More details of the NHL’s new CBA were unearthed on Monday, with a big one — teams gaining the right to retain salary in trades — getting plenty of reaction across the league.
The rule, as according to ESPN’s Pierre LeBrun:
A club cannot absorb more than 50 percent of the players’ annual cap hit/salary in any trade. Any NHL club can only have up to three contracts on their payroll in which the contract was traded away under the retaining salary proviso.
Also, only up to 15 percent of your upper limit cap amount can be used up by the money you have retained in trades.
Take, for example, San Jose Sharks forward Patrick Marleau, who has two years remaining on his four-year, $27.6 million deal — he’s owed $6.9 million in salary annually and carries a $6.9 million cap hit.
Now, say the Sharks want to trade him to Montreal. (NOTE: Marleau has a no movement clause.
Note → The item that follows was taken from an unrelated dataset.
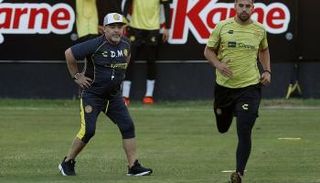 دييجو أرماندو مارادونا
ANOTHER NOTE: Montreal is mentioned solely for example purposes.)
The new rule would allow San Jose to absorb $3.45 million in both salary and cap hit to facilitate the deal, leaving Montreal to pay the remaining $3.45 million.
Pretty interesting, huh?
The key part is it’ll allow much more flexibility when it comes to flipping players, especially guys with big price tags.
In the case of Marleau (who’s been the subject of trade rumors for a while), one sticking point has always been his contract — he has the NHL’s 23rd-highest cap hit for 2013-14, a hefty chunk of change that potential suitors would have a tough time swallowing.
Chop the incoming cap hit in half, though, and the deal suddenly becomes much easier to stomach.